Cognitive load refers to the informational load that is being processed in working memory (Van, Paas, & Sweller, 2010). Cognitive load theory explains that there is a certain amount of information that can be processed in working memory at one time without overloading processing capacity. Thus, when cognitive load is increased beyond our working memory capacity, learning is depressed. Initial research on cognitive load stems from the information processing theory, which explains that we have a limited short term or working memory and an unlimited long-term memory (Brünken, Plass, & Leutner, 2003). Miller (1956) explains that the mind can store seven units of information, plus or minus two units depending on how meaningful they are to the learner, at one time in our working memory without exceeding processing capacity.

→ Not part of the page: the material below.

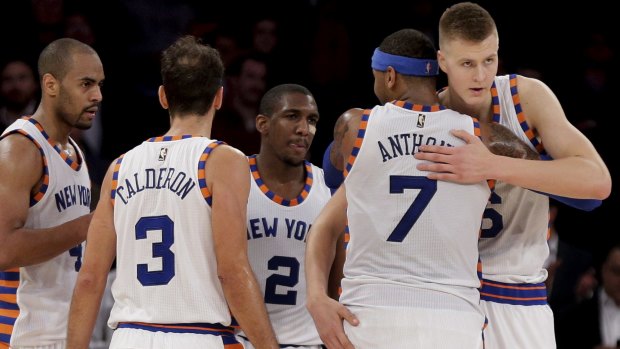 Respect: New York Knicks forward Carmelo Anthony hugs rookie Kristaps Porzingis as they huddle with Arron Afflalo, Jose Calderon and Langston Galloway.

Cognitive load is comprised of three types of load that are referred to as extraneous, intrinsic, and germane (Sweller, 2010; see also Künsting, Wirth, & Paas, 2011). Each of these types affects learning separately. Extraneous cognitive load is affected by the design of the instruction. This type of load suggests that irrelevant information results in high cognitive processing. So reducing irrelevant activities will reduce cognitive load and increase comprehension. Intrinsic cognitive load is affected by high element interactivity, such that information that is hard for the learners to interpret increases cognitive load. Germane cognitive load refers to load that is generated by instructional activities that lead to schema development and automation (Mayer, 2005).